Identification of a novel hepatitis B virus in capuchin monkeys

Researchers from Charité – Universitätsmedizin Berlin and Justus-Liebig-Universität (JLU) Gießen have identified a new hepatitis B virus in Brazilian capuchin monkeys. Their research, which offers insights into the evolution of hepatitis B viruses in primates, suggests that the virus originated in African monkeys and was introduced to South America millions of years ago. Findings from this study have been published in the Journal of Hepatology.

 

Hepatitis B is a viral disease that targets the liver and affects approximately 257 million people worldwide. It is caused by the hepatitis B virus (HBV), which is passed from person to person through blood or other body fluids. In a recent discovery, an international team of researchers from Germany, Brazil and Belgium found that HBV originated in nonhuman primates; more precisely, they discovered that the virus originally emerged in the African ancestors of South American monkeys. Until now, there had been no clear evidence of its evolutionary origin. As hepatitis B is not an airborne disease, it must have emerged in African monkeys, who then traveled to South America via islands in the Atlantic Ocean at a time when the coast of West Africa was much closer to South America than it is today. This conclusion is in line with previous research findings which suggest that the monkeys now found in South America have African ancestry.

“The precise details of HBV’s transmission to hominids – such as when, where and how it was transmitted – remain a mystery, though it was likely transmitted by a monkey infected with the virus,” says the study’s lead researcher, Prof.
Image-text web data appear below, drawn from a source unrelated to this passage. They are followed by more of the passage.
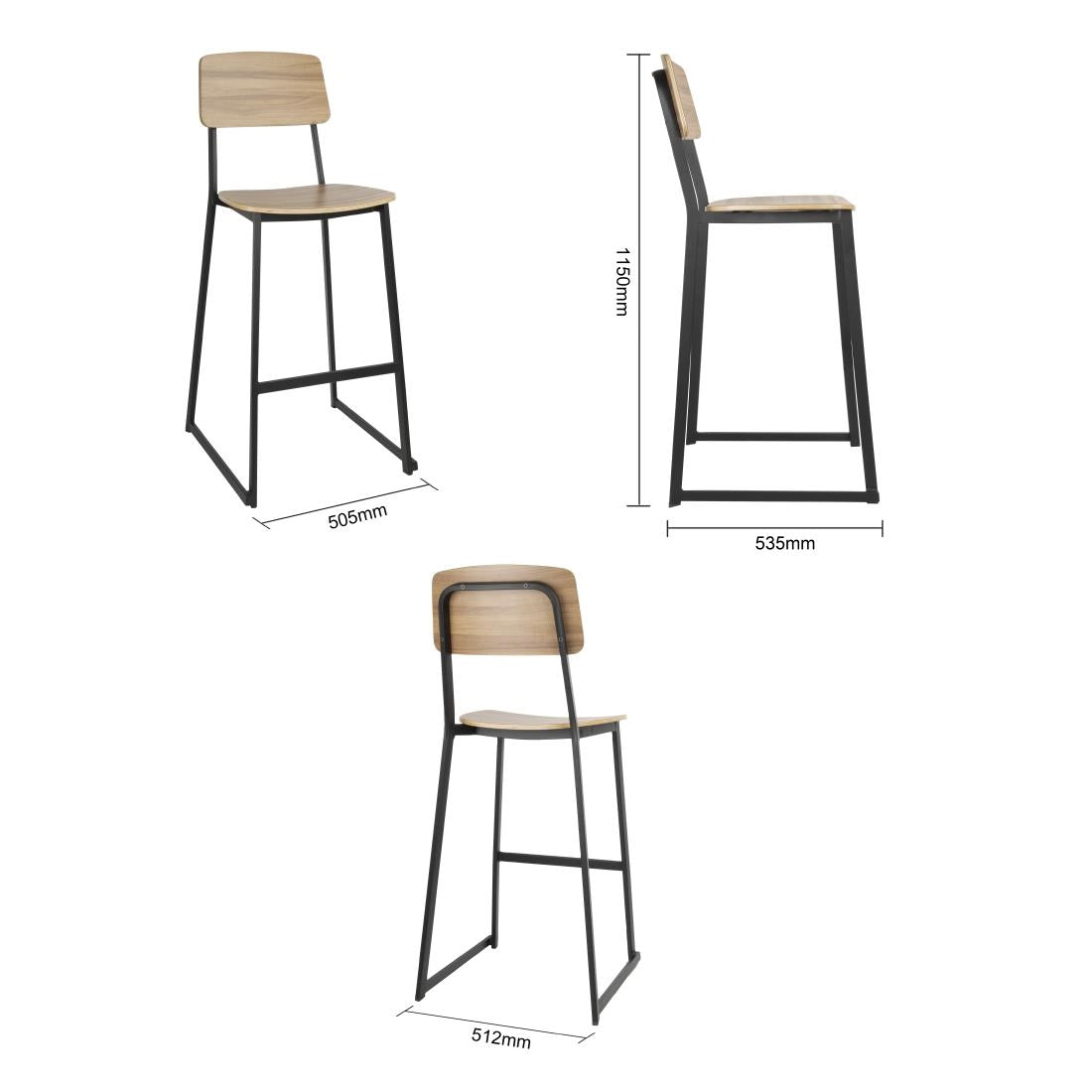 Tabourets hauts d'intérieur en bois Bolero Beaufort (lot de 2) — FU525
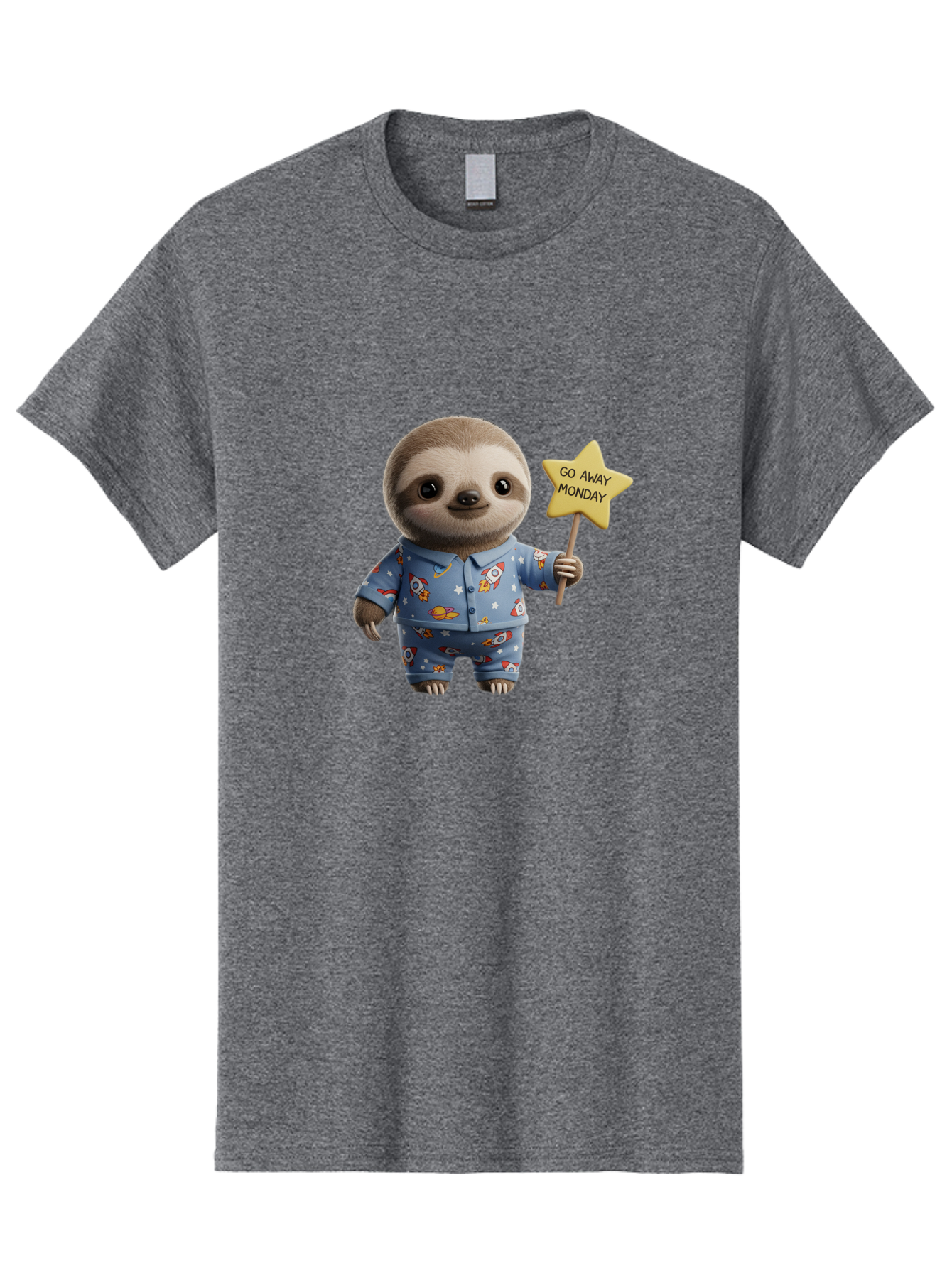 Go-Away-Monday-Sloth-3 Men'S Graphic Tee, 100% Cotton, Comfortable Casual Summer Wear, Machine Washable, Cute Sloth, Funny Sloth, Sloth In Pajamas, Space Themed, Cartoon Character, Go Away Monday Sign, Humorous Illustration, Quirky Design, Bae459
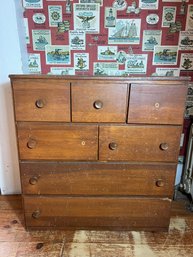 3U/ Vintage Wood 7 Drawer Simple Design Bureau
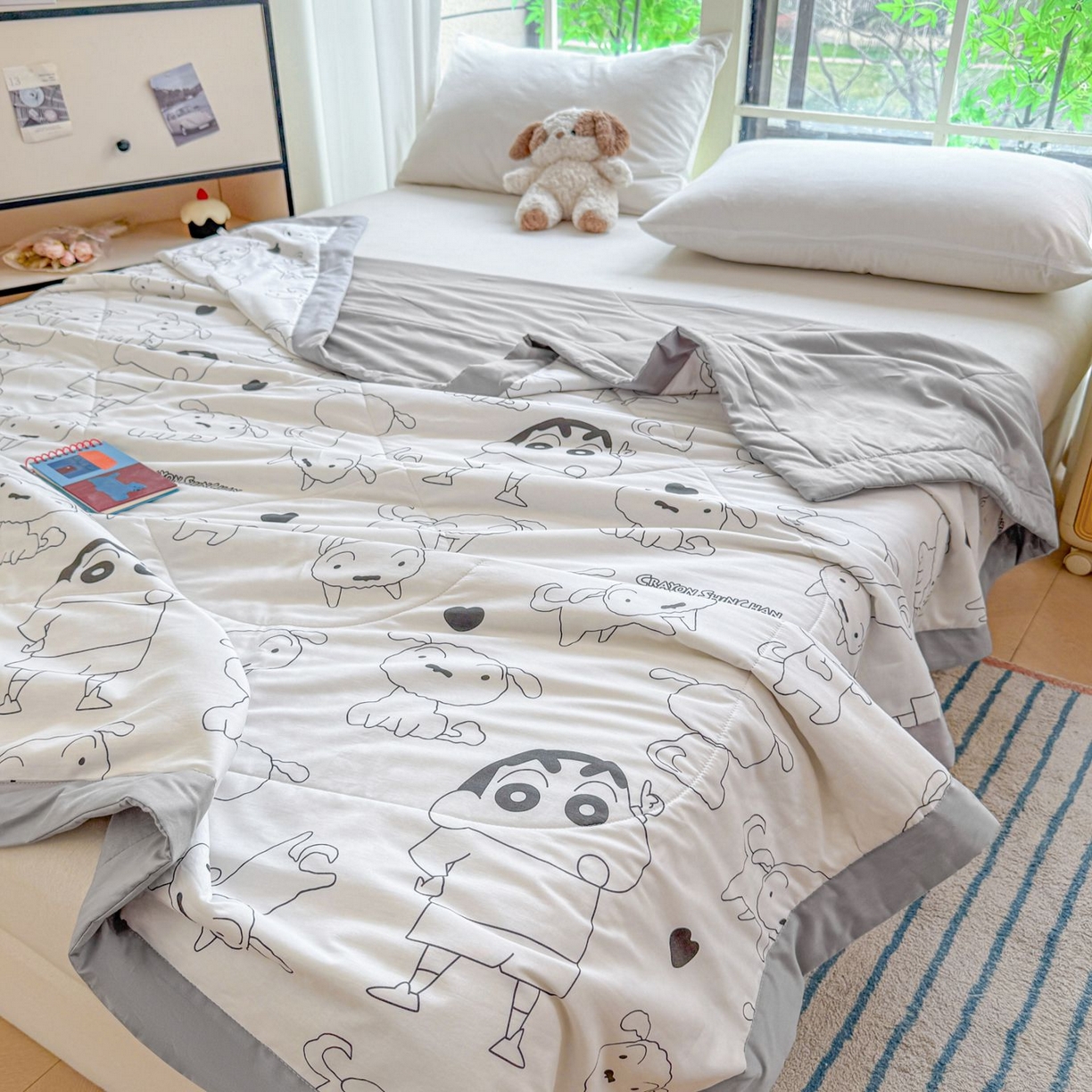 91家纺网 家纺一手货源 找家纺 雅萱家纺 2026新款里外全棉棉花夏被蜡笔小新系列 夏被-素描小新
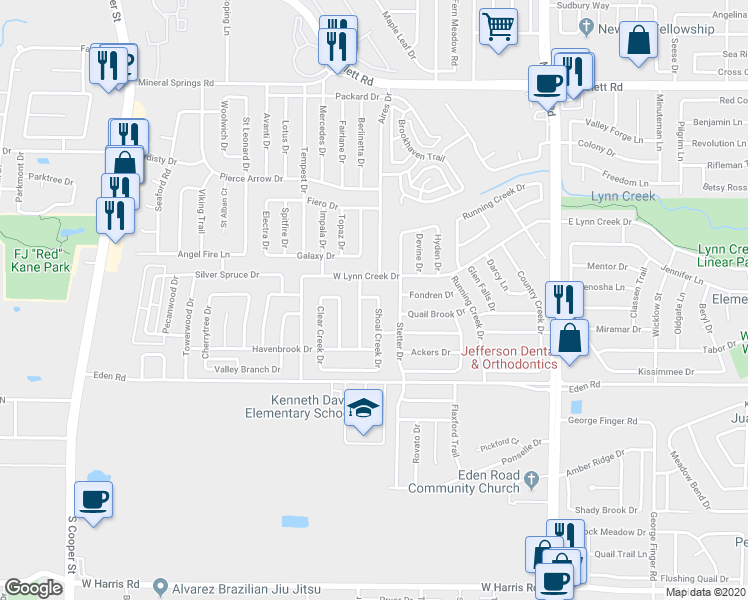 map of restaurants, bars, coffee shops, grocery stores, and more near 6604 Shoal Creek Drive in Arlington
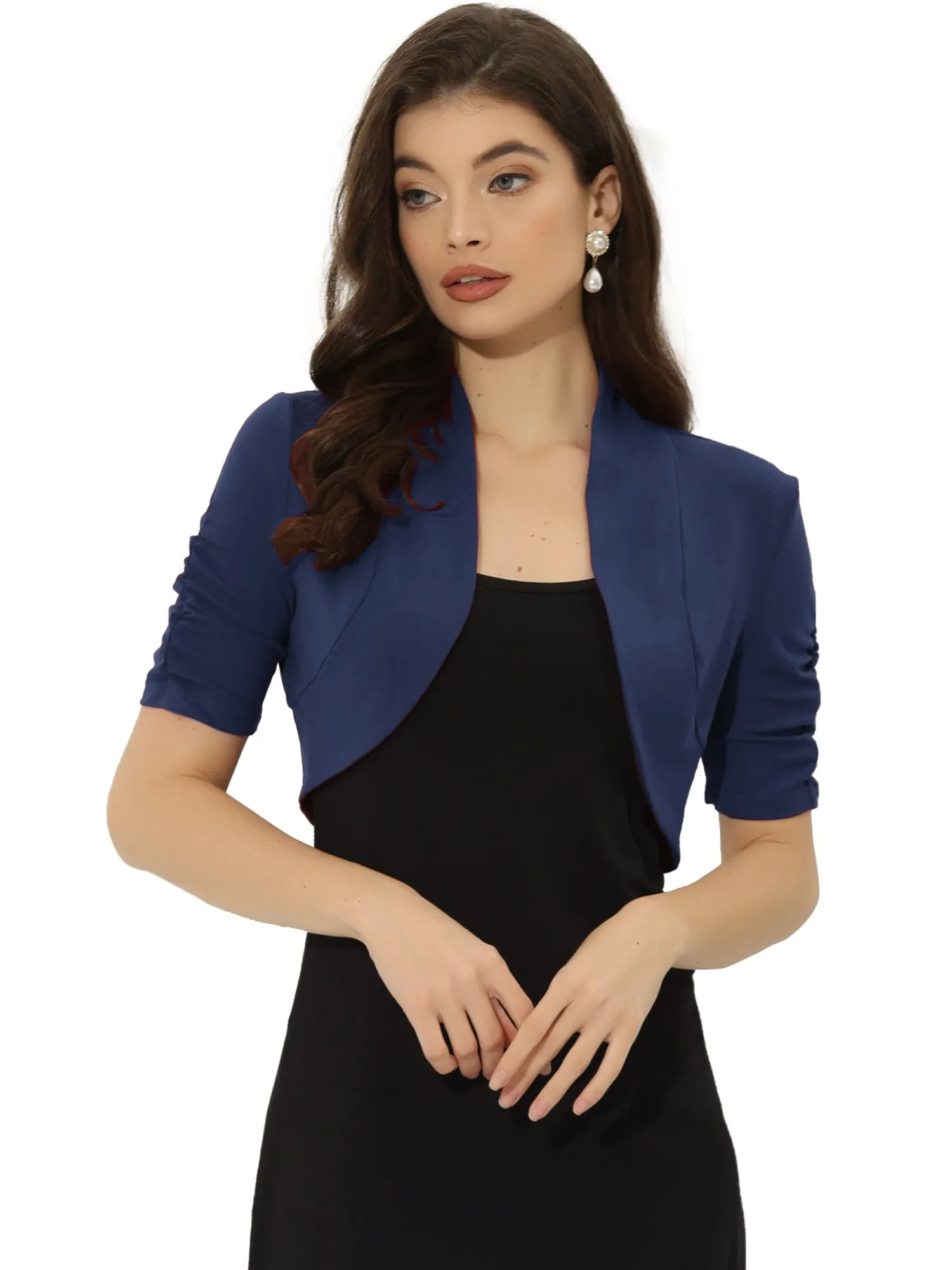Short Ruched Sleeve Open Front Knit Cropped Bolero Shrugs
Dr. Jan Felix Drexler, who heads the Virus Epidemiology Group at Charité’s Institute of Virology. “What is certain, however, is that the virus we isolated in Brazilian capuchin monkeys is similar to human HBV and that it uses the same surface proteins to infect human liver cells,” explains Prof. Drexler. The new virus, which the researchers named capuchin monkey hepatitis B virus (CMHBV), is only the second HBV species to have been isolated in nonhuman primates; the first one was discovered in woolly monkeys in 1998.

“So far, effective treatments for chronic hepatitis B have been few and far between,” says Prof. Dr. Dieter Glebe, Director of the JLU’s National Reference Center for Hepatitis B and D Viruses. He adds: “We would like to use our insights into the CMHBV to develop new models for use in preclinical drug development research.”